New Drug May Treat Measles Outbreaks
New Drug May Treat Measles Outbreaks

A new drug may soon be used to address measles outbreaks, but researchers insist it’s not meant to replace vaccination.

In a Newswise teleconference with reporters on April 16, Dr. Richard Plemper from the Institute for Biomedical Sciences at Georgia State University and Dr. Michael Natchus from the Emory Institute for Drug Development discussed how and why the drug was developed.

Measles (also known as rubeola) is characterized by a full body rash and flu-like symptoms. It is a highly contagious virus that is transmitted through the respiratory system and can even be fatal—globally, over 150,000 die from the disease every year.

According to Plemper, measles has seen a resurgence in recent years, due to insufficient vaccination coverage in underdeveloped countries and a growing aversion to vaccination in industrialized nations.

“People [have] collectively forgotten the serious challenge of the disease and have instead focused on the perceived risks of vaccination,” he said.

Success With Ferrets

Plemper and his colleagues set out to develop a remedy that could treat outbreaks when vaccination efforts fell short. Their progress has been published in a recent issue of the journal Science Translational Medicine, highlighting a promising animal study with the new drug.

Since the researchers lacked an animal model demonstrating the features of human measles, they tested the new compound with a closely related pathogen—canine distemper virus (CDV)—which causes a measles-like disease in ferrets.

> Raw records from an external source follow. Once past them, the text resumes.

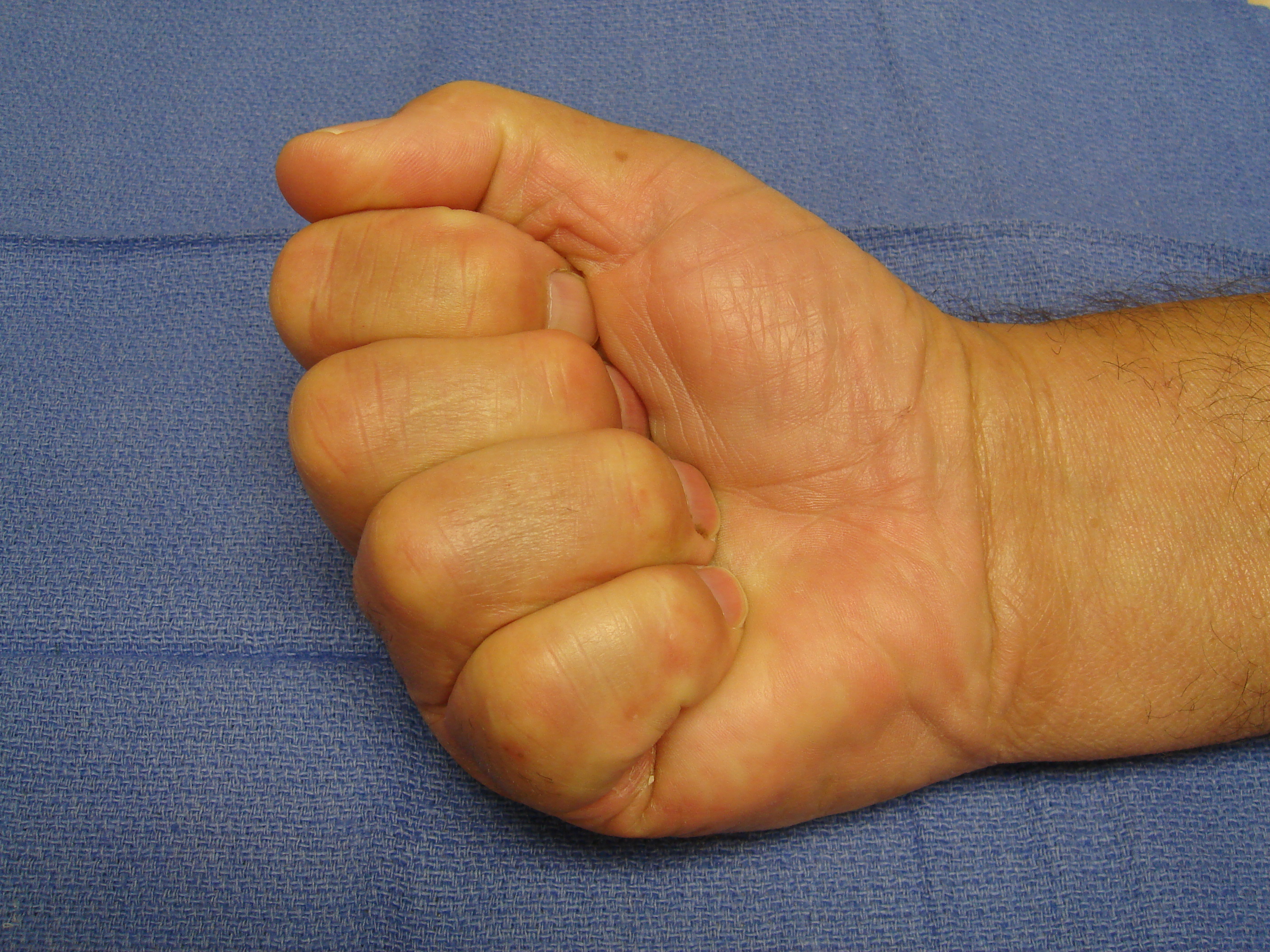 Figure 5d: Bruising and swelling have completely resolved and full motion is evident 6 weeks post-collagenase treatment.
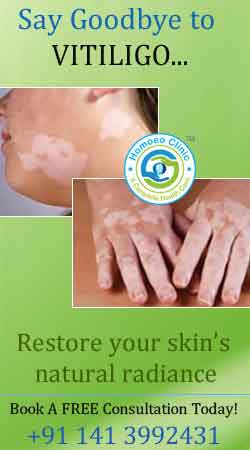 homoeopathic treatment for White-Patches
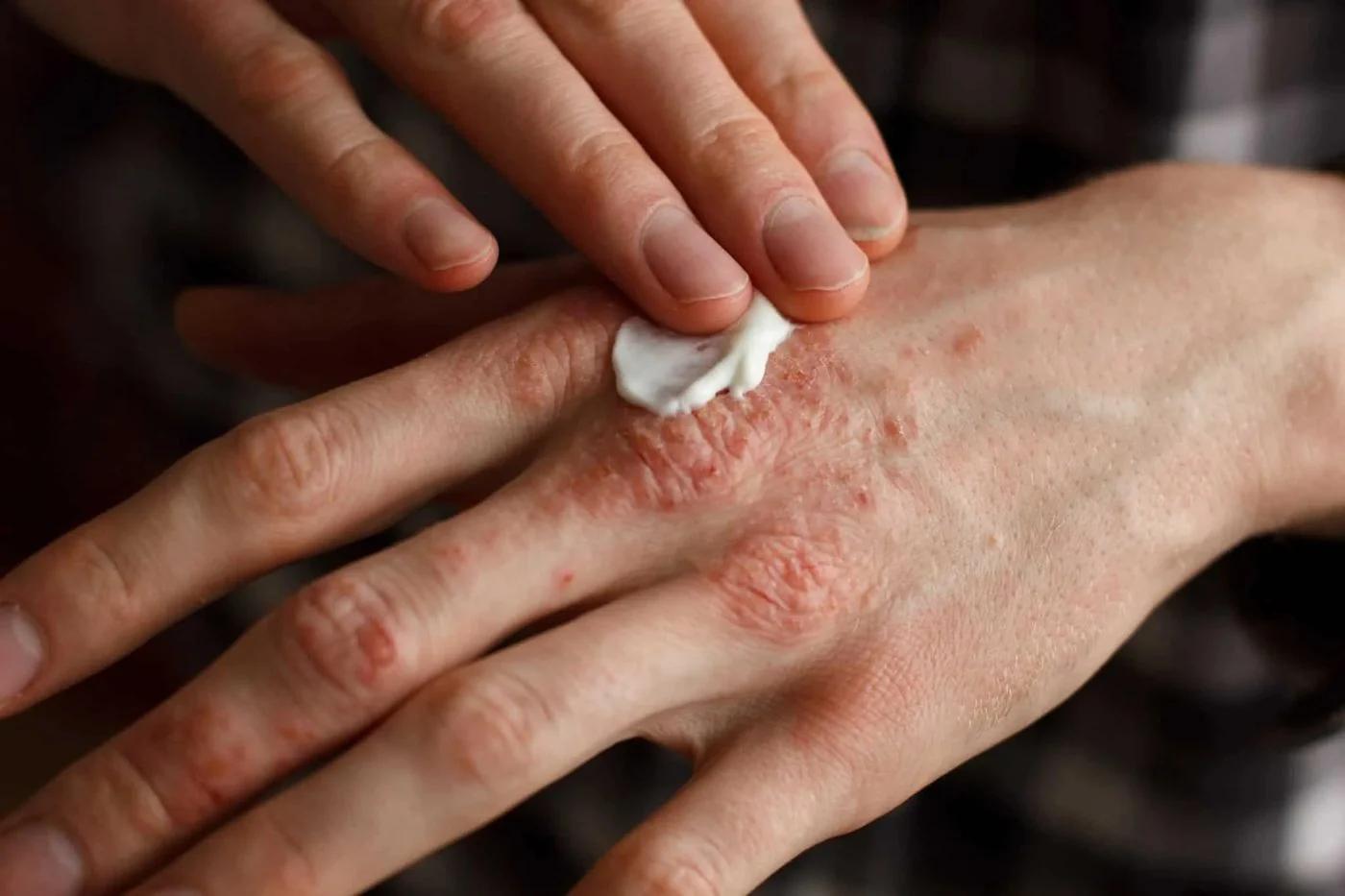 Psoriasis: por qué menos lesiones no significa enfermedad leve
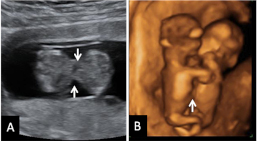 Siameses: ecografía de fetos unidos por el abdomen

Typically, CDV means certain death for ferrets. When animals in the study received the new drug, however, they successfully recovered from the infection.

“Not only did all treated animals survive the lethal infection, but they also showed no clinical signs of disease and mounted a robust protective immune response,” Plemper said. “When we later challenged animals with a lethal viral dose, none developed any disease.”

Measles is one of the most infectious viruses known today. According to the Centers for Disease Control, those who have not been vaccinated against the virus are at an extremely high risk of catching the disease. Still, vaccination isn’t foolproof. According to a study recently published in the journal Clinical Infectious Diseases, some people who had been vaccinated against measles not only contracted the disease, but also passed it to others.

“I want to be absolutely clear that this is not at all being developed or even conceptualized as a possible alternative to vaccination,” said Natchus of the new drug. “This is an additional option, and hopefully combined we may one day succeed at eradicating measles globally.”

Unlike vaccination, which is a preventative measure, the new drug is designed to quell an emerging outbreak. According to Plemper, it is most effective if administered during the two-week incubation period before symptoms develop. The compound works by disrupting an enzyme essential for measles replication.

The drug is still in the early stages of development. Researchers were hesitant to say when it may be available to the public. Further efficacy and safety studies are necessary to see if humans respond to the compound as well as ferrets did.

Since 2011, Western Europe and Canada have seen an enormous rise in measles outbreaks among teens and young adults. Plemper said this would be the first target age group for the drug.